When it comes to turning investment into practice, surveillance and monitoring are at the front of the queue. Sio continues, “Firms are starting to make great progress in translating AI investment into measurable compliance outcomes within surveillance and monitoring. In fact, this past week we held our global surveillance conference, where we heard from our client community about how they are thinking about and incorporating AI into their workflows and operating processes. The opportunity to harness technology is there, but the gap between technology availability and operationalization remains a key challenge. As AI capabilities mature, I expect to see more innovation in areas like false positive reduction and holistic risk management. In fact, based on the survey, 59 % of respondents cited surveillance and monitoring as their most mature automation use cases.”

Execution Challenges

While the enthusiasm for technology is evident, the survey reveals that the greatest challenge is no longer external regulation but internal execution. The most frequently cited obstacle is technology implementation and operationalisation (34 %). At the same time, data quality is the single most-cited high-priority area for the coming year (71.6 %), followed by surveillance effectiveness (61.5 %). Firms also report that reducing false positives has become more difficult with 35.3 % describing it as “extremely challenging”, up from 21.5 % in 2024.

Commenting on these findings and Nasdaq’s own experience in supporting client’s surveillance operations, Sio notes that “The survey highlights that operationalising new technology is the top challenge, outpacing concerns around regulatory change or fraud risk. We see this firsthand, as clients are looking to adopt advanced tools but integrating them into daily workflows and ensuring data quality can be complex. Building AI tools isn’t just about the capabilities. In a regulated environment like financial services, it’s equally important to have cybersecurity, robustness and non-discrimination as key aspects that need to be incorporated into AI tooling and strategy. It’s not just building AI within these parameters, as a highly regulated exchange, Nasdaq deeply understands the operational and compliance challenges our clients face. Ultimately, bridging the gap between investment and impact is where the industry’s focus must remain, and we remain committed to delivering resilient, transparent, and client-centric solutions that uphold market integrity.”
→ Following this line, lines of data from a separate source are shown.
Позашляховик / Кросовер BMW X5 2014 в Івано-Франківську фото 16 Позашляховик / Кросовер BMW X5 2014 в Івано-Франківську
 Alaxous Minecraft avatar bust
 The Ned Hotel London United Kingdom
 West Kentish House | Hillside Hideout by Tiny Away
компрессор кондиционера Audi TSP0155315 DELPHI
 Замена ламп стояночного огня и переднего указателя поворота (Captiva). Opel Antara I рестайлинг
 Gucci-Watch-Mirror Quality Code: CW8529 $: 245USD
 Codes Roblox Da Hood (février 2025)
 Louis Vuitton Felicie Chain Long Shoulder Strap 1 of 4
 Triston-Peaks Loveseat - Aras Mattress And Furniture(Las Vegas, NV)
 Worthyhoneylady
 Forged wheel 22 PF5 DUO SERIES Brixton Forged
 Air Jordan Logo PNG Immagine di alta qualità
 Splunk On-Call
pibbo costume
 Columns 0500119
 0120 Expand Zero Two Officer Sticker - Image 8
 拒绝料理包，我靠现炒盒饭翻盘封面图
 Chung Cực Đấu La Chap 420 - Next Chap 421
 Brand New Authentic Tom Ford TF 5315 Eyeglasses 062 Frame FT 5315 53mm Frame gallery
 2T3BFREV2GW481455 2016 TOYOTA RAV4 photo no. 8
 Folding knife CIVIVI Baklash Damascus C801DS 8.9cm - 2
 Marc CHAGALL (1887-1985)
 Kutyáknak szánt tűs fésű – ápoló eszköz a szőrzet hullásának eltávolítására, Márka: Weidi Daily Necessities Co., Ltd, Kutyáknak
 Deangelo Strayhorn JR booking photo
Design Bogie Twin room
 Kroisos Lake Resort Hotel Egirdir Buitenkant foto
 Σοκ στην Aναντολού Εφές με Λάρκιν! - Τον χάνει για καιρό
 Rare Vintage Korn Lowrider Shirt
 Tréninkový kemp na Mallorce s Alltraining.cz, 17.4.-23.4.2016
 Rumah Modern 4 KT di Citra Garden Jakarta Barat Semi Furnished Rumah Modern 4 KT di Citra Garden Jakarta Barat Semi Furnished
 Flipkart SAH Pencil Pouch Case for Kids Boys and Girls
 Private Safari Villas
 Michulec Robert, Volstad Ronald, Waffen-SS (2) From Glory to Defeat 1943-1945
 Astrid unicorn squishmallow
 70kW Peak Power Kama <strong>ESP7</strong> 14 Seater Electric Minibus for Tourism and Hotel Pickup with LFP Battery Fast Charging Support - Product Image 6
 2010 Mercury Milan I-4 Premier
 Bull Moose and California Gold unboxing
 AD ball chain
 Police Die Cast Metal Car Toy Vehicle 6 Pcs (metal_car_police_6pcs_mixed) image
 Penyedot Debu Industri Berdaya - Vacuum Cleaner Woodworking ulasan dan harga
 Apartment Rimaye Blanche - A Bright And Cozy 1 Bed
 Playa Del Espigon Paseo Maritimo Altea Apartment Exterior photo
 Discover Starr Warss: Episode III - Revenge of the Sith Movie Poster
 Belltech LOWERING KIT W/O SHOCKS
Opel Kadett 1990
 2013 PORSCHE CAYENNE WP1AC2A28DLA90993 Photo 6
Broad modernisation and cross-product visibility

Modernisation is advancing on several fronts. Compliance functions are being repositioned within risk frameworks, cloud adoption is broadening yet uneven, and oversight models are expanding across products. While nearly a quarter of firms still operate without a cloud provider, AWS and Azure remain the dominant choices. At the same time, a third of firms have already embedded cross-product monitoring into live surveillance programmes, signalling a steady move toward more integrated and technology-enabled compliance operations.